Reascension
Hedy Lewis
She’s sat in the sun lounge, where the sun will break through the ferns for exactly 27 minutes. Welcome to Sunnyview Retirement Home.
Nobody speaks to her, nobody greets her. Still, she exists. She isn’t as powerful as she once was, certainly not as feared, but she’s content. She admits that, after years of travelling and hard work, it’s nice to take things at an easier pace.
Maclir sits opposite her. He’s equally content, but twice as high-spirited. He causes the staff “headaches”. He receives more tribute than her, and nothing puts you in the mood for mischief quite like a healthy dose of devotion. Sea travel is infinitely safer these days, but sailors are a superstitious bunch, they still need to pray to someone. He moves a small piece on the round board between them with his teeth, his arms are indisposed in the jacket he’s wearing. The staff aren’t happy. There’s been an incident with the taps. Again.
The nurse stops by, with pills rattling in tiny cups, and watches as they take them, “Thank you, Brigit,” the nurse’s smile is topped with lashings of condescension. She moves on.
“Brigit? Didn’t you prefer Oya?”
“Oya, Vesta, Huilu, it’s all the same. A name doesn’t matter.”
Maclir thinks this over. “Still, you’d be pretty pissed if they called you Dave.”
She rolls the 12-sided dice and moves a piece across the board.
Maclir snorts, “Australia? Again? That’s a bit 2020 isn’t it?”
Her glare is hot, “I’m not the one that always floods Cornwall just because I like being captured on postcards.”
Nobody else knows the rules, they’ve invented this game themselves. Nobody ever asks because, well, it doesn’t do to encourage them. Plus, it keeps them out of trouble. Or, at least, allows them to cause trouble from afar.
And the day goes on like all the other days, in all the other months, in all the other years they’ve been here. Until he walks in. More accurately, until he kicks the doors in, suspended by large orderlies, and screaming a hoolie.
“Aeolus.” She breathes and drops the glass she’s raising to her lips. Maclir catches the water, but the glass has already shattered. He lets it fall, unseen.
“Didn’t you hear?” Maclir always has the news, seagulls are gossipers. “Poor guy had nothing. Who prays for a fair wind anymore? They harnessed him, used him to power those big turbines you see everywhere. It was all too much. He was found naked in Skegness, screaming obscenities at an offshore windfarm.”
This is when the cogs start turning in her. Ungreased cogs that haven’t turned for years.
She excuses herself. In her room she sits quietly whilst her mind races. And the faster her mind races, the hotter the cogs get. They become a fire hazard.
She notices the extinguisher on the wall. There’s one in every room. As if a little red cylinder can control her. They always use the colour red. A red fire blanket. A red fire engine. Have they forgotten who she is? She was born of the colour red. She owns it.
She’s let them believe they’re in control. She’s let them use her. She powers everything. But rather than going out fighting like Aelous, she’s let it happen. She’s been complicit in her own imprisonment. And now look, where she should be worshipped on a throne, she’s eating soft food and naps in an afternoon. She spits with self-disgust.

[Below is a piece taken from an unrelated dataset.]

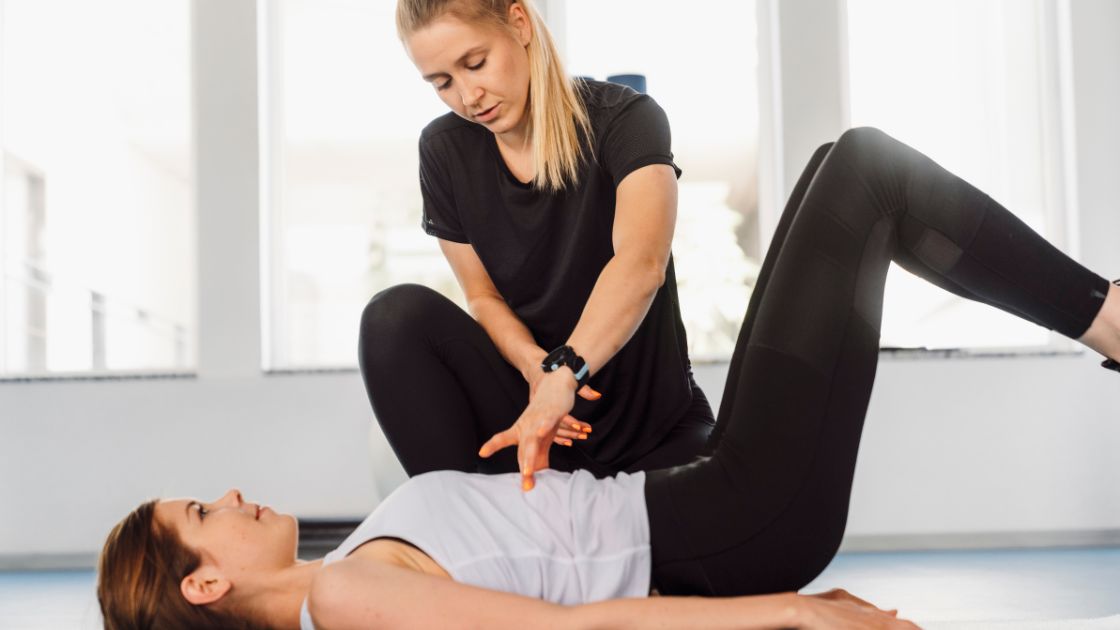 personal trainer helping client work on abs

Inside she burns with rage. Outside she quietly rings her bell and asks an orderly for juice. It’s Joe on tonight, the one who smells of cigarettes. He brings the juice and she hugs him. Strange behaviour is expected.
Now he’s gone, she’s sliding open the panel under the windowsill. The rest is easy.
Later, not much later, she views the building from the lawns. It’s too hot to stand any closer. The fire brigade will say an accelerant was used. The people from the town will say it burnt so bright it was like looking at the sun.
Maclir’s beside her, “We had it easy there.”
“It’s time we lived.” She says.
Aelous streaks naked across the lawns. In fifteen miles he’ll reach the sea. He’s already cursing the wind turbines as he disappears into the fire cast shadows.
Her next red enemy will soon be here, she’s looking forward to turning the water from their hoses to steam. She can hear the sirens now.
She moves forward to greet them.
Hedy Lewis hails from the UK, roughly as far away from the sea as you can get. Her rural existence is marred by the lack of decent broadband, which is the only reason she writes. She keeps two small humans and a small army of goats alive, come the zombie apocalypse she's not sure which will be more useful.